O governador Tarcísio e o deputado Nikolas estiveram entre os poucos que defenderam Bolsonaro na av. Paulista (Crédito:Andre Ribeiro)

A anistia impossível

Bolsonaro está usando o tempo para reorganizar sua estratégia política. Ele quer manter seus apoiadores e convencer a maioria conservadora no Congresso a aprovar uma anistia cujo pretexto seria libertar os “coitados” condenados pelo 8 de janeiro.

O líder do governo no Congresso, senador Randolfe Rodrigues (AP–sem partido) percebeu a intenção de Bolsonaro. “Os ‘coitados’ aos quais ele se refere é um álibi. Ele quer a anistia para ele mesmo.

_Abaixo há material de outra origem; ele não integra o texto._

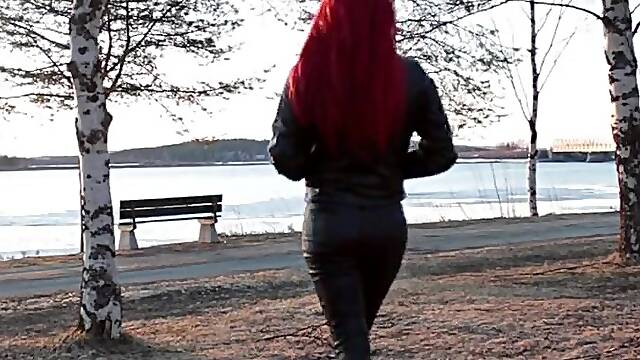 Walking in leather in home city.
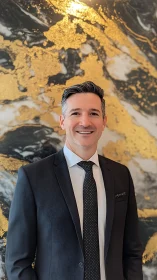 Poised professional smiling against luminous gold marble backdrop.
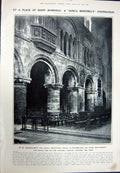 Old Vintage Print 1923 Elephants River Kheddah Siam Bartholomew Church 20th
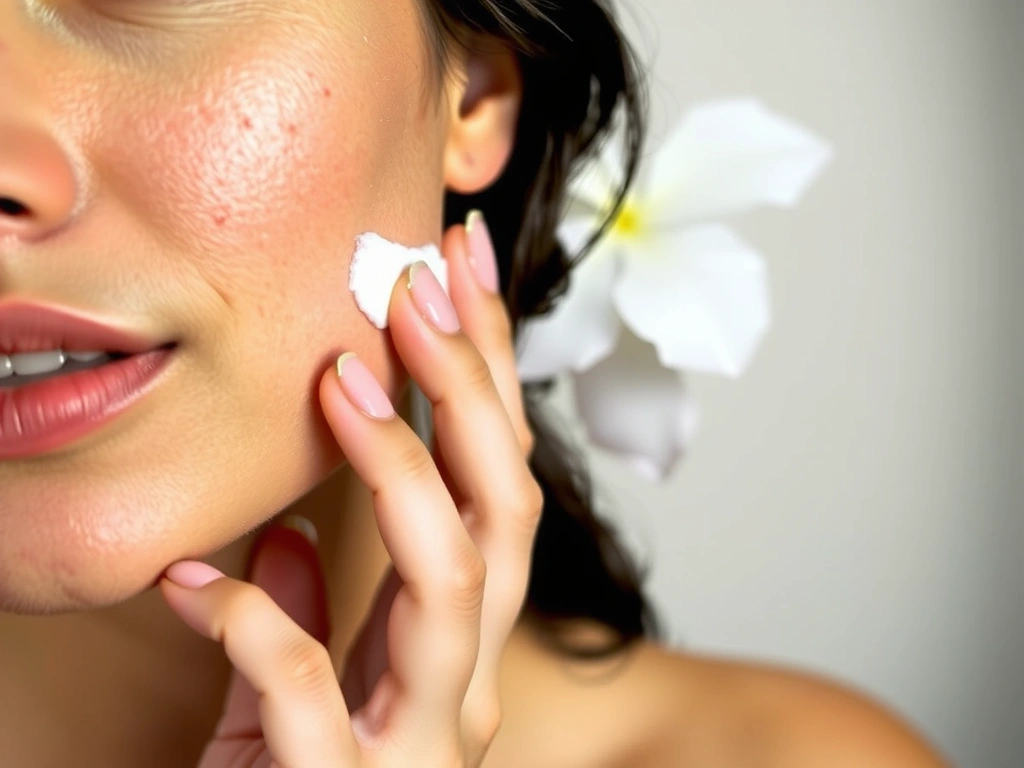 Close-up of a woman applying glow cream, soft, radiant skin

Seria uma incoerência o Congresso sequer discutir essa matéria”, diz Randolfe, numa referência aos ataques que destruíram parte das instalações da Câmara e Senado.

Bolsonaro usou como precedente a anistia concedida pela ditadura no final dos anos 70 para dizer que presos merecem o perdão, uma vez que no passado o governo militar havia atendido “quem fez barbaridades”, se referindo a exilados e presos políticos que militaram na esquerda armada.

Ele não menciona que a anistia beneficiou mais os militares que torturaram, mataram em frias execuções e desapareceram com os corpos de opositores.

Preocupado com eventual prisão de seus colegas de farda, o general e senador Hamilton Mourão (Republicanos-RS) abriu uma consulta pública na página do Senado na internet para saber se a população apoia a anistia. Na quinta-feira, 29, num universo de cerca de um milhão de pessoas que votaram na enquete, os contrários a anistia representavam 60 mil votos a mais.

Bolsonaro pediu a anistia na manifestação em que conseguiu colocar na Avenida Paulista, no domingo, 25, em torno de 186 mil pessoas conforme a USP, em um expressivo movimento popular da direita que o próprio presidente Lula reconheceu como importante.

A esquerda acordou e está organizando para o próximo dia 23 um ato em todo o país para pedir a prisão de Bolsonaro.

Na avaliação da PF, Bolsonaro, que havia ficado em silêncio durante o depoimento, foi orientado por sua defesa a só admitir no discurso na Paulista que tinha conhecimento sobre o decreto do golpe.

O didatismo ao tentar explicar o decreto foi como uma confissão. “Por que me acusam? É porque tem uma minuta de um decreto de Estado de Defesa? Eu daria um golpe usando a Constituição? Tenham a santa paciência!”.

A PF já sabe por Mauro Cid que Bolsonaro ajustou o texto do decreto e depois discutiu o documento com os chefes das forças militares. A fala sobre o decreto durante o ato na Paulista foi anexado ao inquérito como prova de que tentou dar o golpe.